There is one thing that Patrick Ness does that is very unique to every book I have read by him, though mostly The Rest Of Us Just Live Here. Ness is able to tell the story of the natural and supernatural parallel worlds so beautifully that they seem like two different stories but the reader can make the connection and though neither story significantly changes the outcome of the other, they do manage to interconnect, but just enough for the reader to be aware that they are one story progressing in the one world.
Before I even read this, just hearing the name Patrick Ness gave me high hopes for the book and I feel like I say this a lot, but I was not disappointed.
The writing was an art form in itself, but picking apart the story and the characters, I uncover a few tropes used by Ness that unless you are picking this book apart for a review, you wouldn’t notice as they are masked by the wonderful way they are delivered.
This story covered one day in Adam Thorne’s life. A day filled with bad news, many goodbyes, catholic parents, and some very gay teenage problems.
I’ve noticed that the theme of strict Catholic parents makes for a really good conflict point with families, as members of the catholic faith can either be extreme believers in the preached word, or like my family, just very passive catholics that only show their religion when they have to celebrate a development on a person in the church community (e.g. communion, marriage, etc).

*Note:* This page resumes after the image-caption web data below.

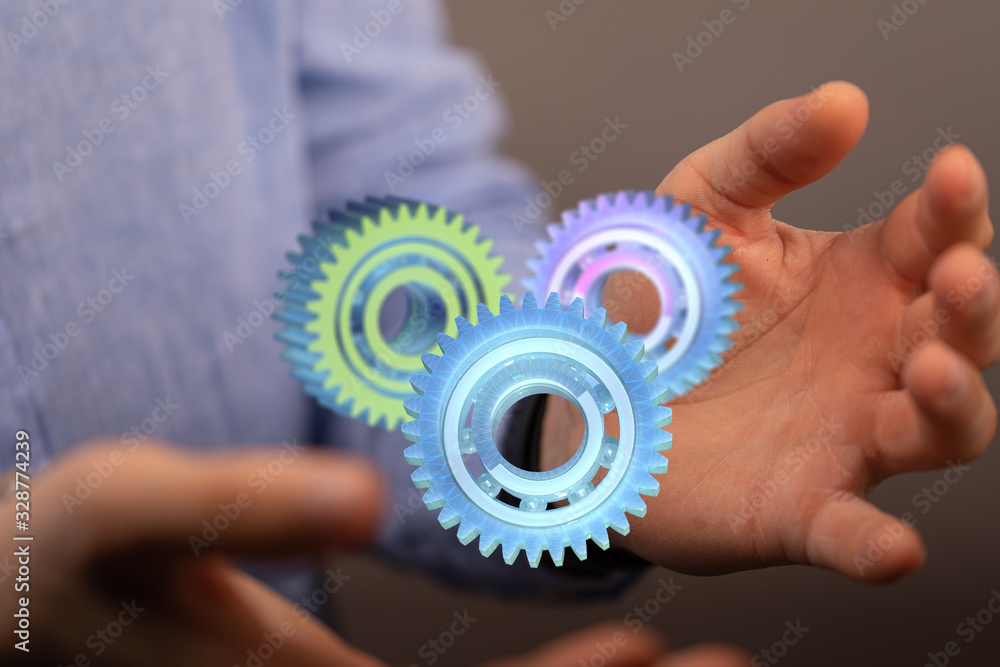 gear Technology setting concept background. gear Technology setting concept background.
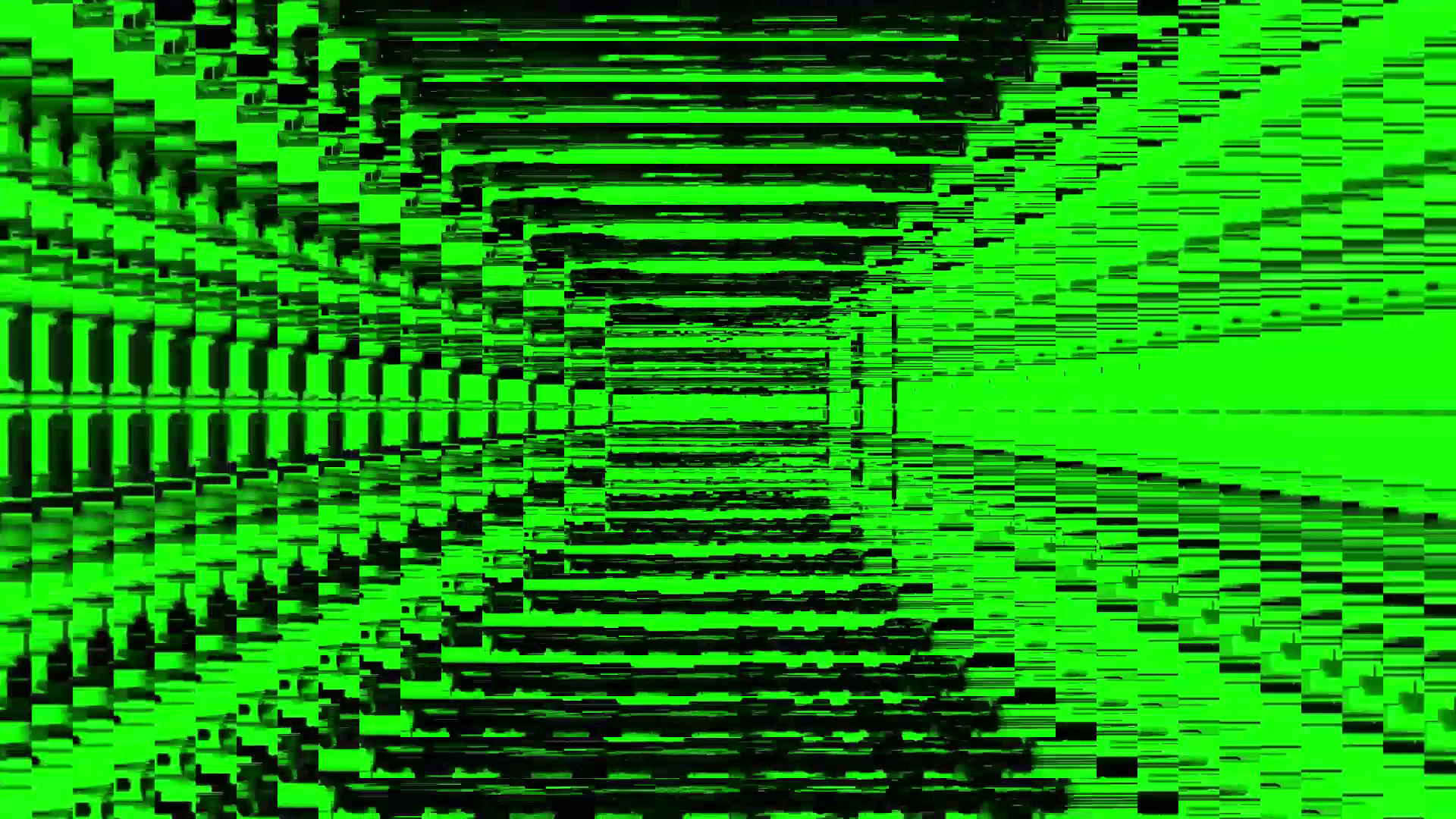 1920x1080 Green Screen Glitch Echo Overlay Effect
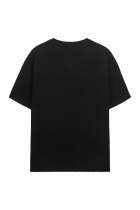 Curved Waffle T-Shirt Black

The Catholic parents was kind of stereotypical, but as a non-American, I don’t know how crazy catholic small towns like that can be with their religion, but I did like that they had that as a conflict point between Adam and his father.
I loved all the characters, although Enzo, the one that was meant to be disliked was indeed disliked by me, though at the end of the novel I felt sympathy for him and his questioning, as by the end although he has a girlfriend, I still don’t believe he is comfortable with what he truly is and I feel sad for him.

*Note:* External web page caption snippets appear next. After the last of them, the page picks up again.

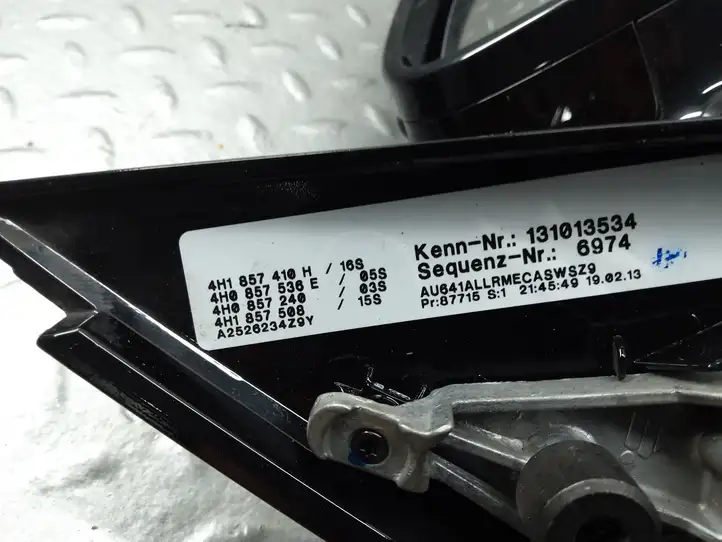 Audi A8 S8 D4 4H (2010 - 2014) 4H1857410H Боковое зеркало с электроприводом — фото 7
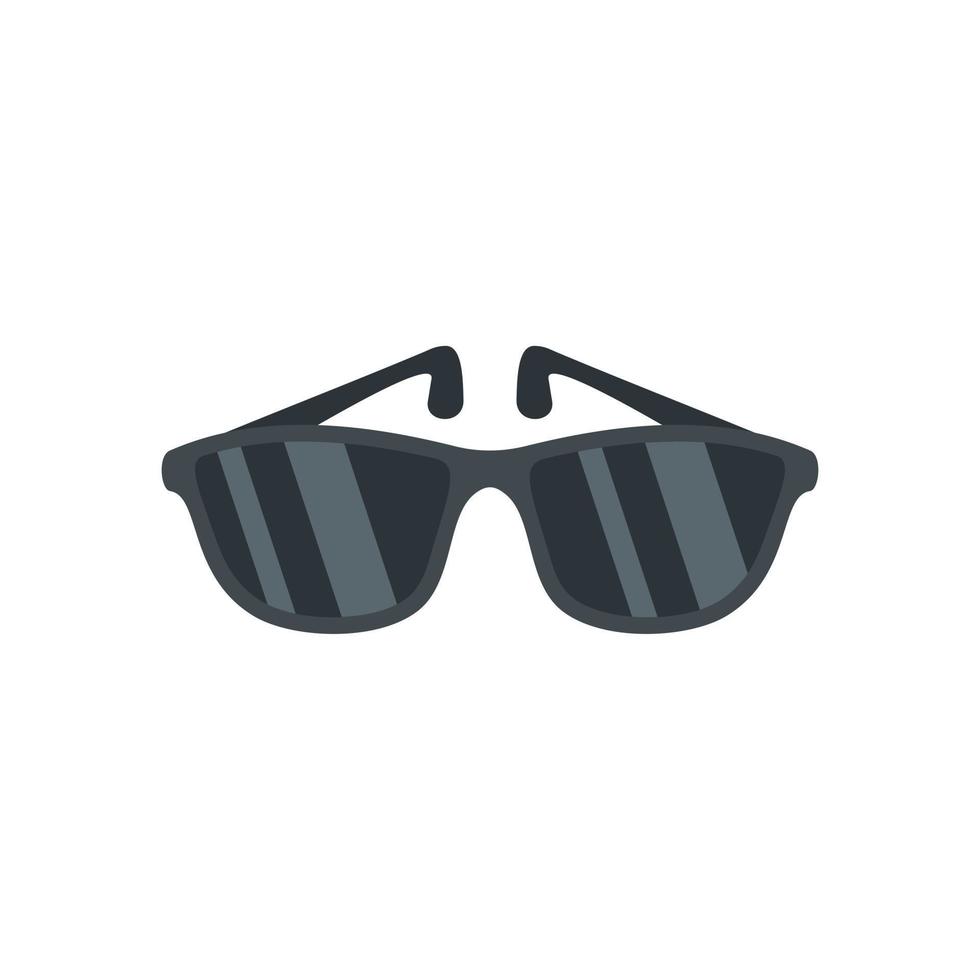 Sunglasses icon flat isolated vector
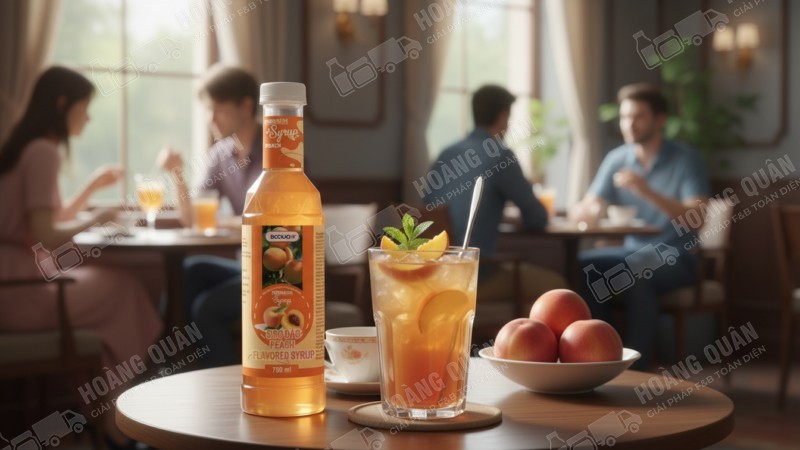 Boduo Syrup Đào Premiun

Angela reminded me very much of my best friend. A person who will stand up to anything that would hurt you, was someone that Adam needed. Someone who could give you courage and hope when you thought you’d lost it all. Over the course of a day, the reader sees how crucial she is to Adam’s life, courage and mental health, and how she helps Adam become strong enough to face his family, addressing the issues they have with him.

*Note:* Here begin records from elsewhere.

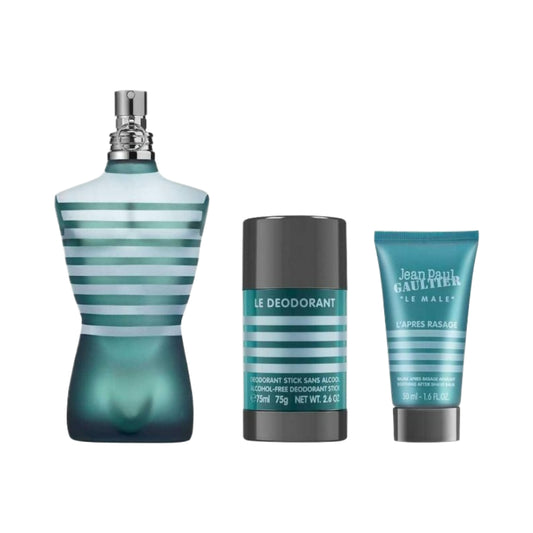 Le Male 3 Piece Eau de Toilette 125ml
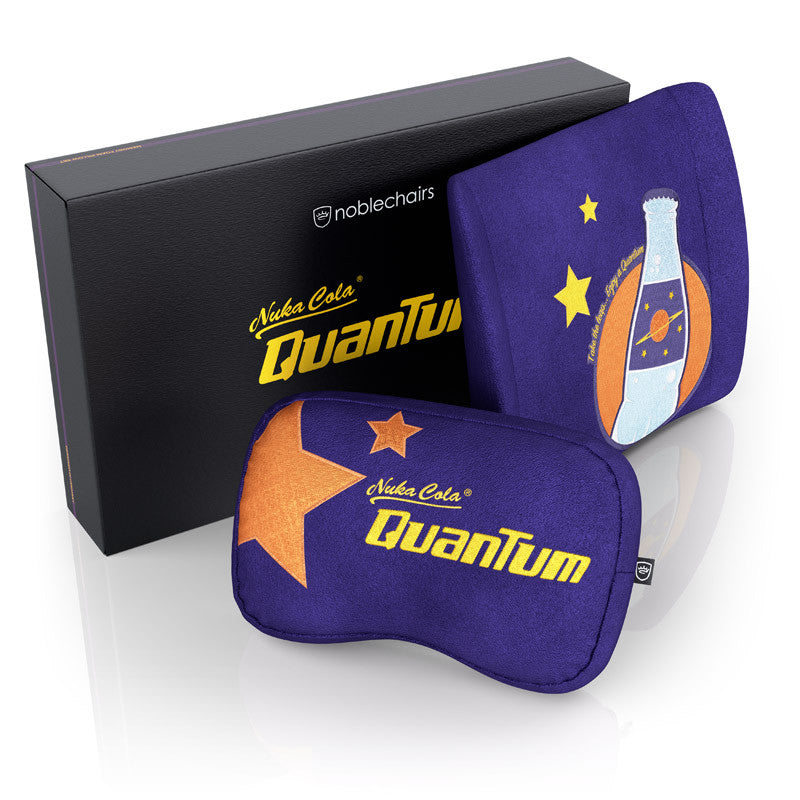 Noblechairs Memory Foam Pudesæt Til Gamingstol - Fallout Nuka-cola Quantum Edition Puder - Geekd.dk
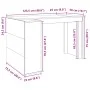 Escritorio madera de ingeniería roble Sonoma 123,5x73,5x75 cm de , Escritorios - Ref: Foro24-847984, Precio: 95,82 €, Descuen...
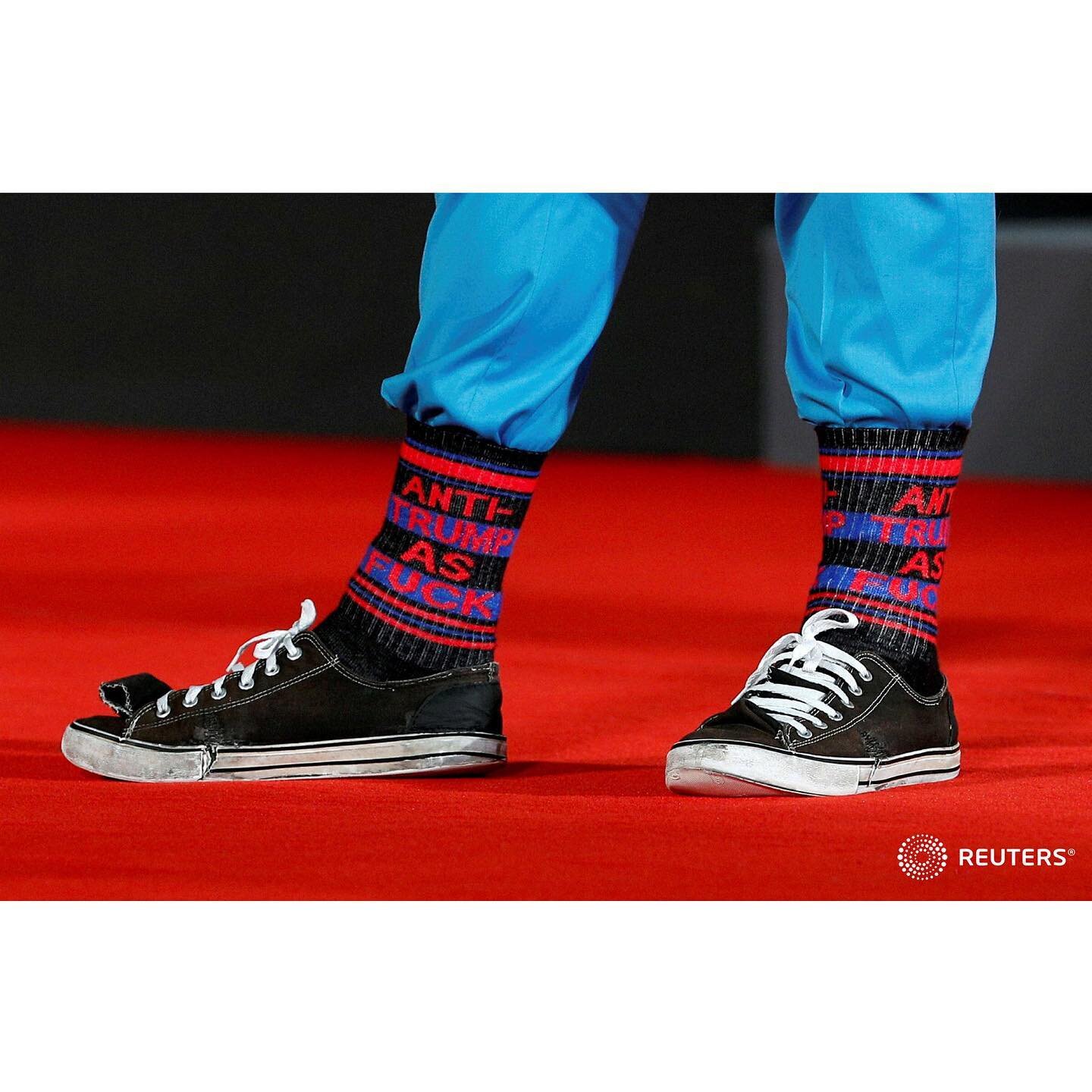 The 77th Venice Film Festival - Screening of the film &quot;Run Hide Fight&quot; out of competition - Red Carpet Arrivals - Venice, Italy, September 10, 2020 - The shoes and socks of actor Joel Michaely are seen in detail as he poses. 
.
.
.
.
.
#Ita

Adam, the disappointment brother, has an older brother who isn’t and is then praised greatly by his parents, until he messes up and is now on Adam’s level (somewhat). I liked this as it showed how homophobic his parents were that they could forgive their heterosexual son who had sinned, but not their homosexual son who had done nothing wrong. But the way in which Adam’s brother redeemed himself seemed too easy and, maybe this is because I hated the idea; but I found it as he was looking for an easy way out so his parents could still accept him, and for this made me dislike him.
Where I did pick apart this book for the little things, I did really love the symbolism and value of family that Adam held so close to his heart. The saying; “blood of the covenant is thicker than the water of the womb,” fits really well here as Adam is all about loving his artificial family – Angela, her family and Linus – with the absence of love from his own.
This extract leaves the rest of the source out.